- Work order -
Output word for word the lines from the one with "7.4mm 18Kt Gold" to the final line of the data, both ends included, but skip the pictures.

────────────────────

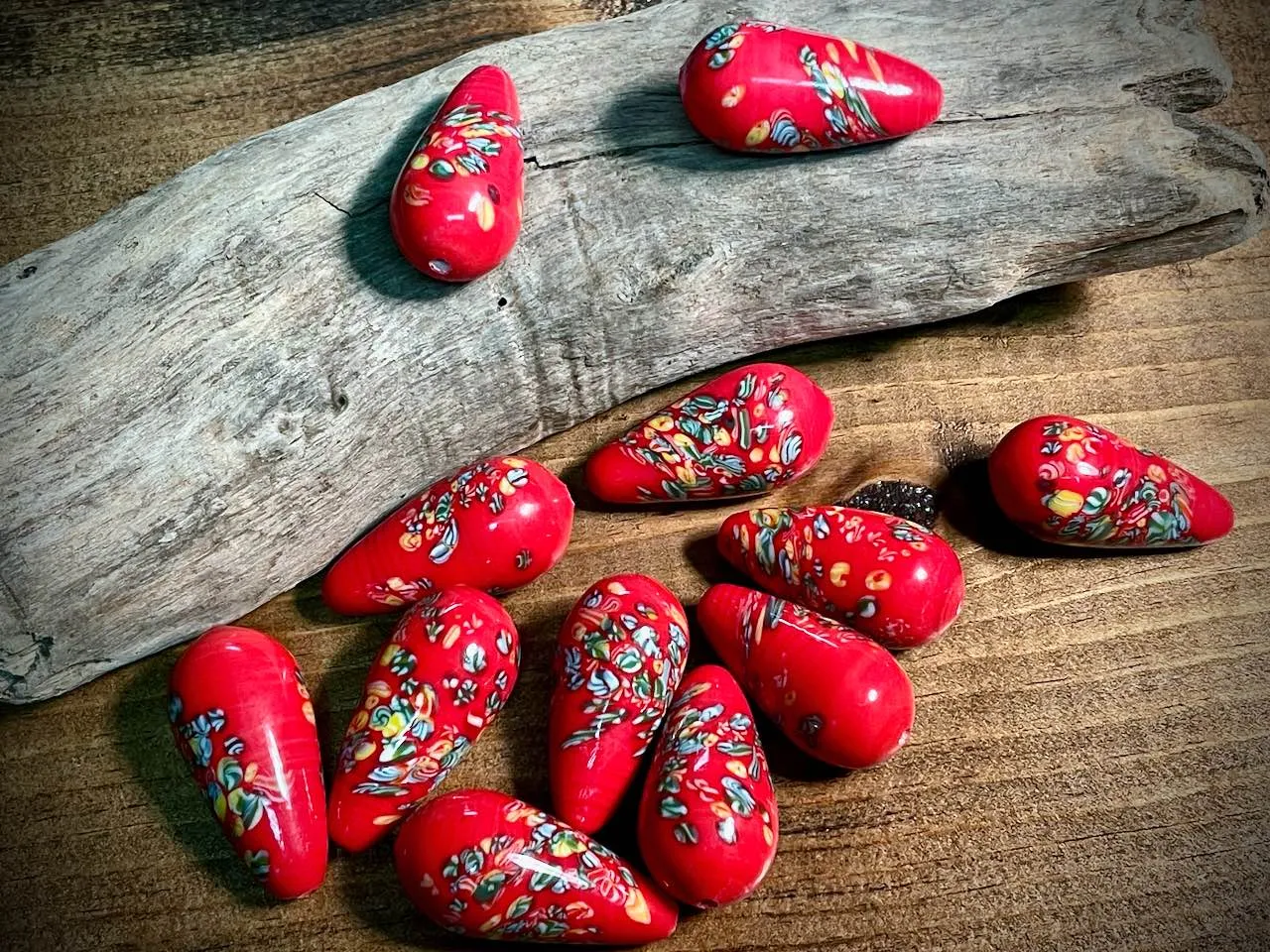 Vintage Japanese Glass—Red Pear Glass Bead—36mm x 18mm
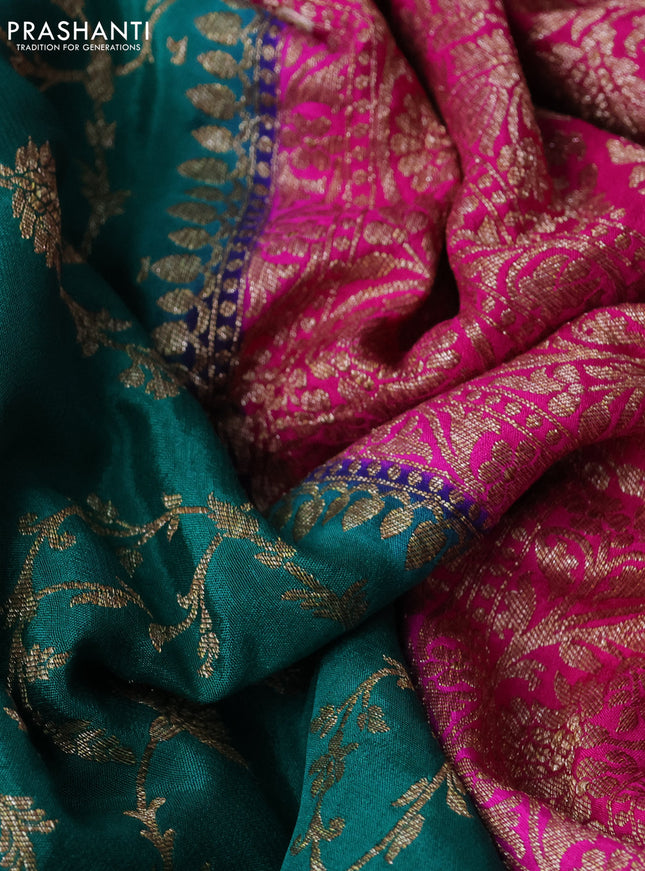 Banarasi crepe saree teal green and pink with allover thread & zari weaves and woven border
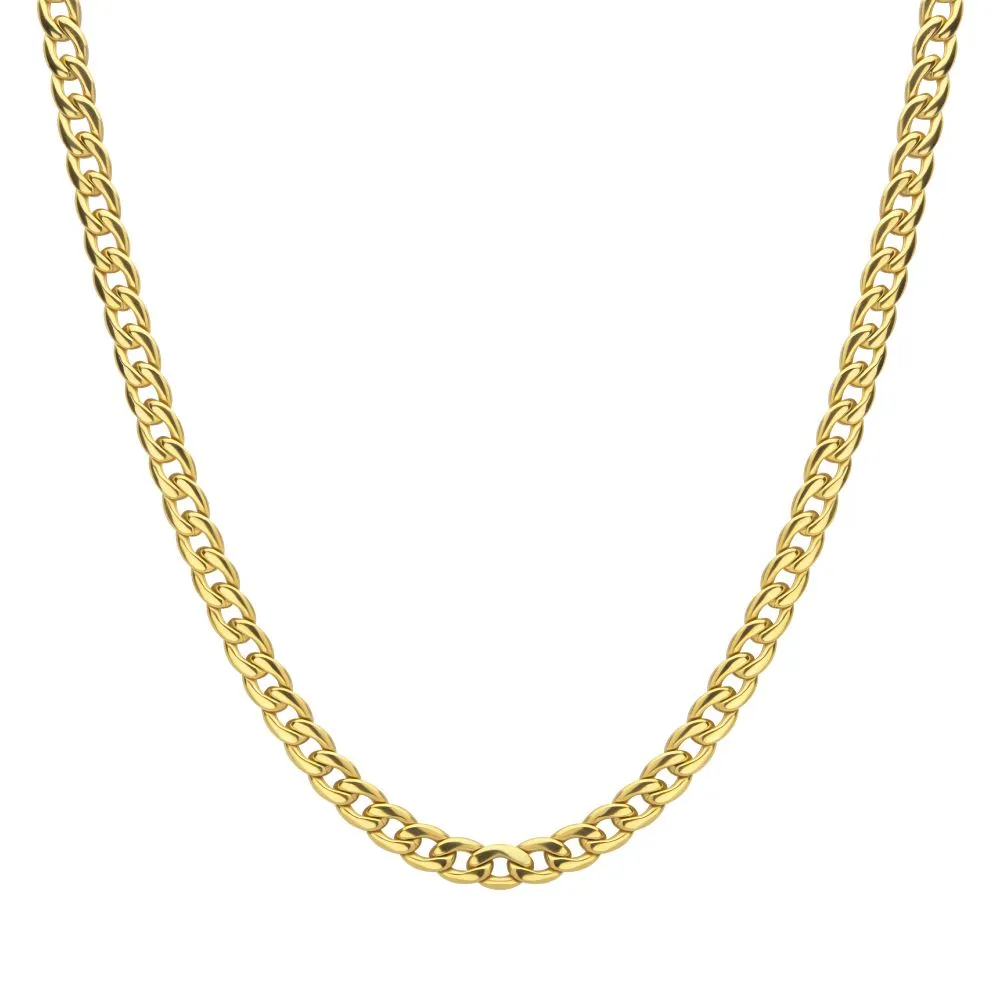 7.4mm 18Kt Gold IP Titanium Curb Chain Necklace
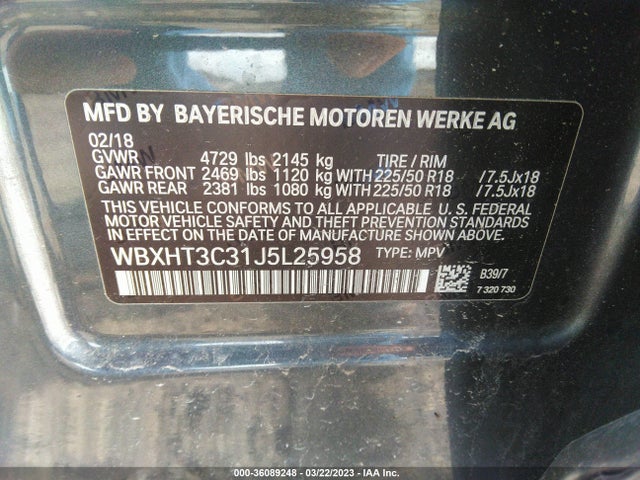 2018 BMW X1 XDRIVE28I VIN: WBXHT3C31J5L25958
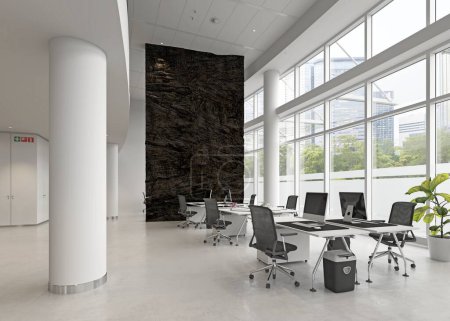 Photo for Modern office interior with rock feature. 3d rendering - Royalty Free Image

────────────────────

- Solution -
 7.4mm 18Kt Gold IP Titanium Curb Chain Necklace
 2018 BMW X1 XDRIVE28I VIN: WBXHT3C31J5L25958
 Photo for Modern office interior with rock feature. 3d rendering - Royalty Free Image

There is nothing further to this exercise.